China’s economy is growing at a healthy clip, with its gross domestic product growing at an annual rate of 7.2% in 2016, according to the World Bank.
But its economy has been battered by a host of problems, including the country’s debt, a weak global economy and the political fallout from the massive protests that swept China in 2015.
The latest figures, released Wednesday, show the country has a surplus of $1.5 trillion, or 3.2 trillion yuan, compared to $1 trillion, $1,000 billion and $600 billion last year, the World Trade Organization (WTO) said.
The government has pledged to spend the surplus on public projects and other initiatives, and the economy is expected to grow by around 6% in the first quarter of 2019, the WTO said.
China is one of the world’s biggest exporters of steel, coal, iron ore, nickel and other commodities, and its economic growth has been a boon to many countries that depend on imports.
But the Chinese economy has become a major headache for the global economy as its debt ballooned and its trade deficit widened, prompting it to slash foreign aid and impose curbs on the yuan.

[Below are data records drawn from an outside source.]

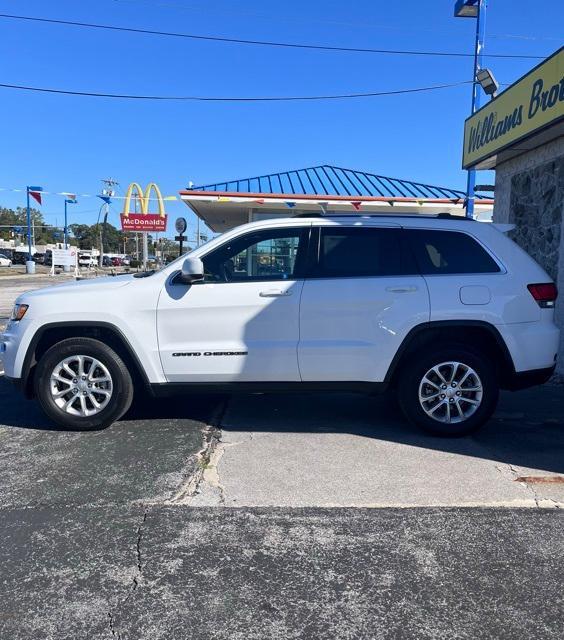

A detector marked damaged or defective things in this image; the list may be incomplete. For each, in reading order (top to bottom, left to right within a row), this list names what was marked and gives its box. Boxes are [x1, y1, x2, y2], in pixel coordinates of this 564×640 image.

cracked pavement [1, 370, 564, 636]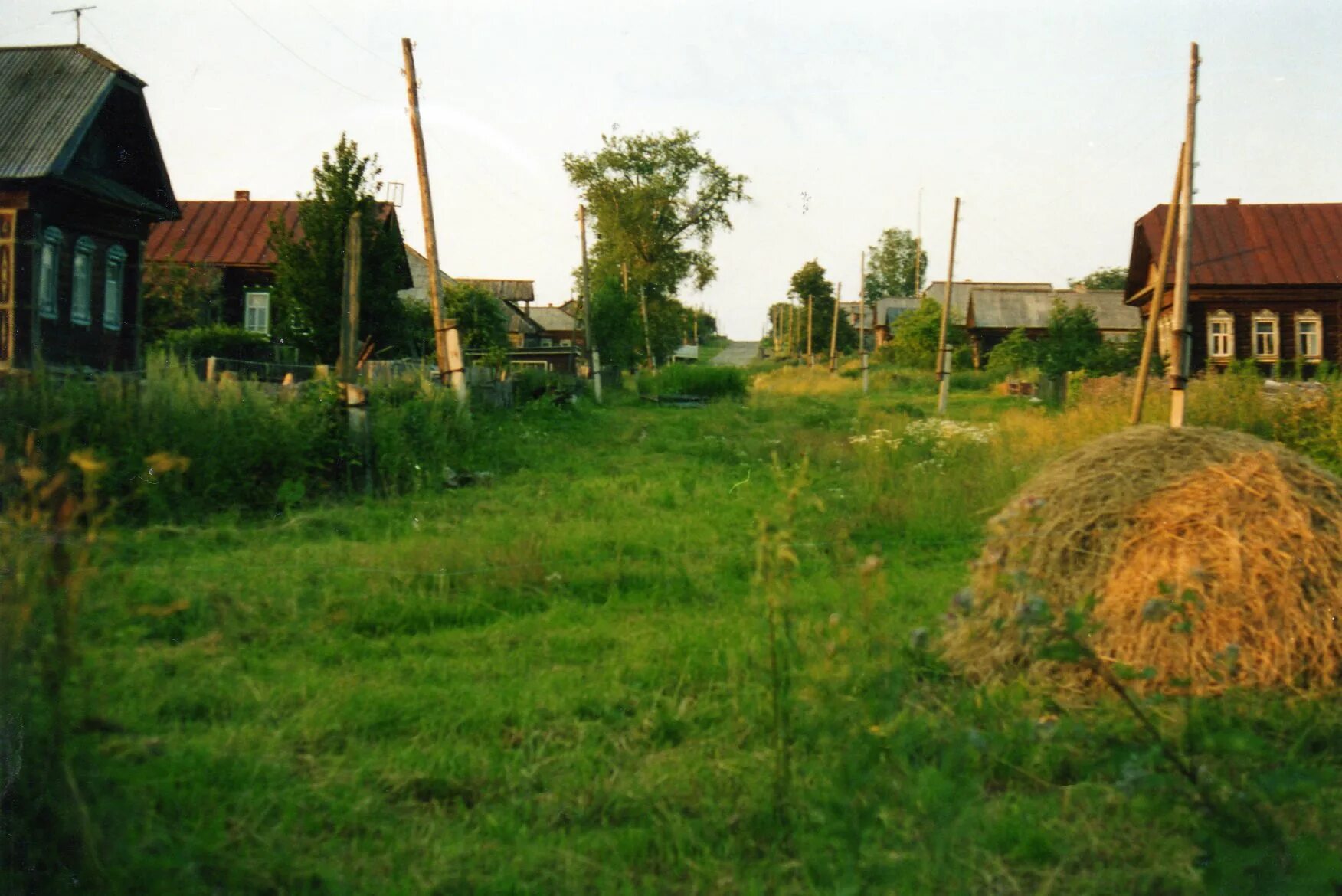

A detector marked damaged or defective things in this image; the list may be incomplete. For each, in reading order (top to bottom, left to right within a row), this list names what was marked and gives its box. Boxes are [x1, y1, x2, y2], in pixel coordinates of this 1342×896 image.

rusty metal roof [149, 202, 397, 270]
rusty metal roof [1137, 201, 1342, 288]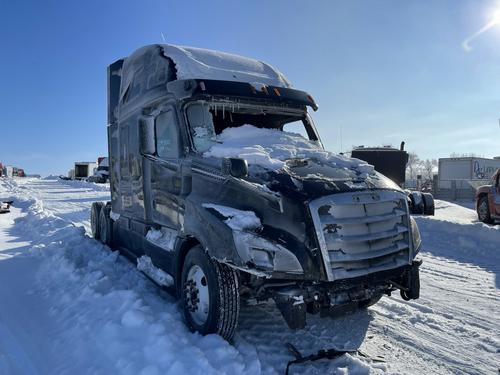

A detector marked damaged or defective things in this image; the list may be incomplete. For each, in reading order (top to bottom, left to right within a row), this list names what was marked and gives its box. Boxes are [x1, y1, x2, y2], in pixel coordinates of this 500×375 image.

broken windshield [186, 102, 318, 153]
damaged semi truck [92, 44, 424, 340]
broken headlight housing [232, 231, 302, 274]
damaged front bumper [266, 262, 422, 328]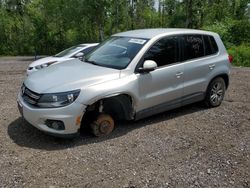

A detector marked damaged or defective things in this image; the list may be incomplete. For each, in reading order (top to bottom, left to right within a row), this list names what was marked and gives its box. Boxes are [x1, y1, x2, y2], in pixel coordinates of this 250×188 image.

damaged tire [90, 113, 114, 137]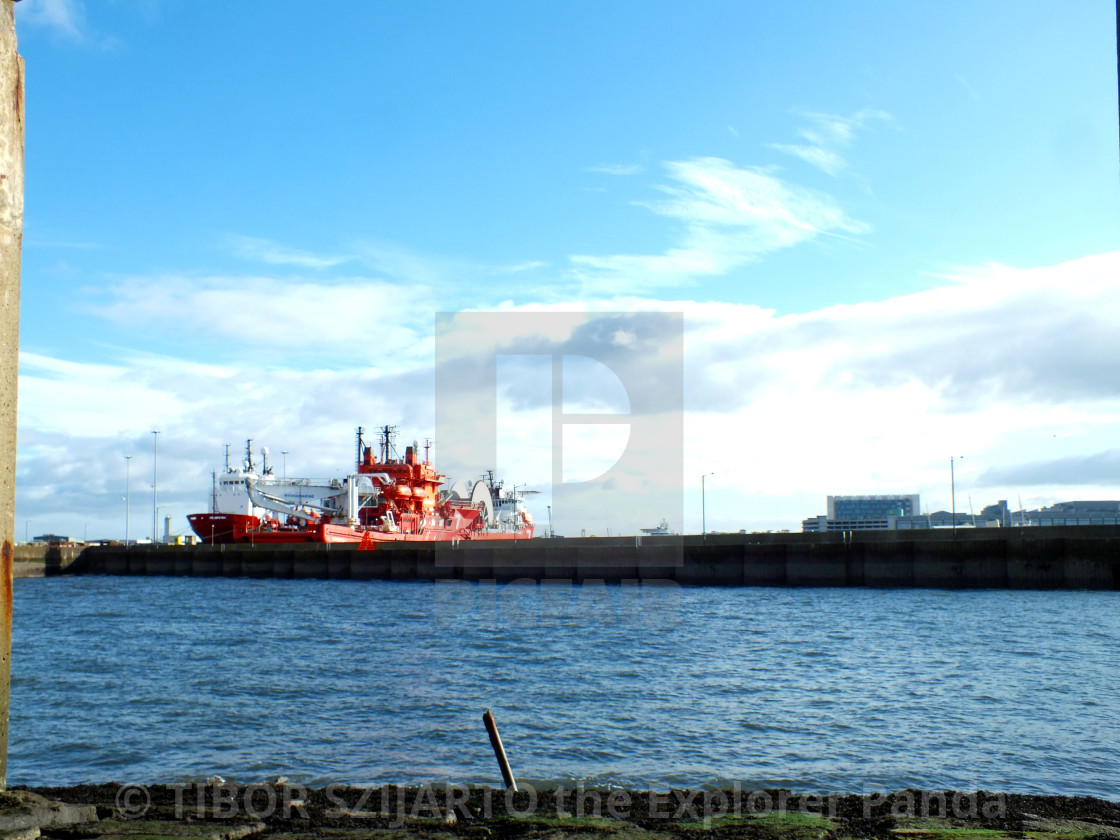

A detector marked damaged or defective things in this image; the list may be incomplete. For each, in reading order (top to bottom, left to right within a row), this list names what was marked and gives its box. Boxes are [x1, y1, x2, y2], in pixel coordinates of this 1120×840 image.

rusty concrete column [0, 0, 23, 788]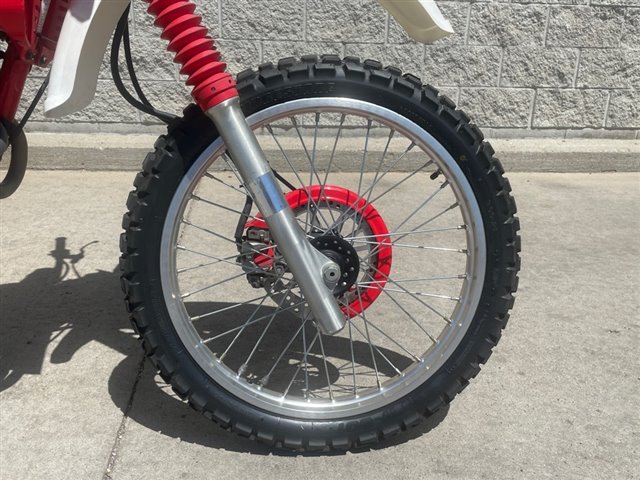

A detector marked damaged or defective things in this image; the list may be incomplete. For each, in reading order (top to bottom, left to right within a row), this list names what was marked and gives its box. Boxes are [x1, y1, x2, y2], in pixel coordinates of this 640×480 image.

cracked concrete floor [1, 171, 640, 478]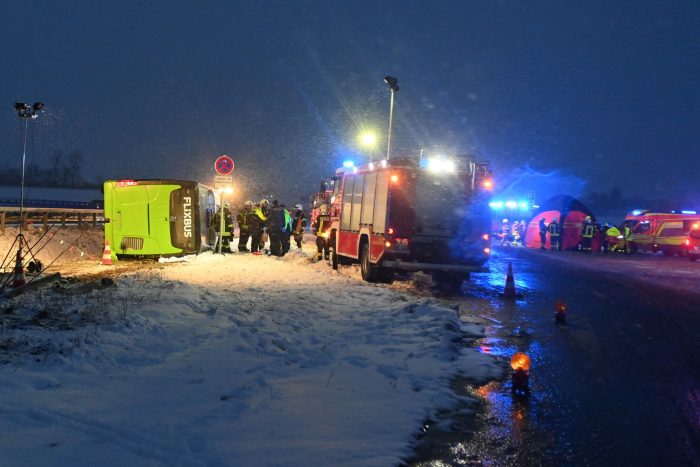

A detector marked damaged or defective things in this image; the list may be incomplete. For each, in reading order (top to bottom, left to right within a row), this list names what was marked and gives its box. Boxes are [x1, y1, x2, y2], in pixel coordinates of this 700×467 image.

overturned green bus [104, 179, 216, 260]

China’s official unemployment rate of nearly 16% was one of its highest in the developed world, and it was one out of five of the worst among the 19 countries the WTO’s trade watchdog listed as experiencing “significant trade barriers” in 2016.
That has left many of its neighbors struggling with a severe shortage of workers.
A recent government report showed that China had lost nearly two million jobs between June and September, a number that the government said had reached 2.1 million.
The U.S. and China are the biggest sources of jobs in China, with the U.K., Germany and France also providing jobs, according the WTO.
But some of those jobs are mostly in the service sector, which has become more and more important as China has become increasingly reliant on robots and other technology.
China has also lost about 5 million jobs in the last decade, most of them in the manufacturing sector, and lost around 20% of its workforce, according data from the countrys Ministry of Commerce.
A Chinese factory owner inspects the work of a robot at the construction site of a new housing development in Zhongnanhai, Zhejiang province, China, September 16, 2021.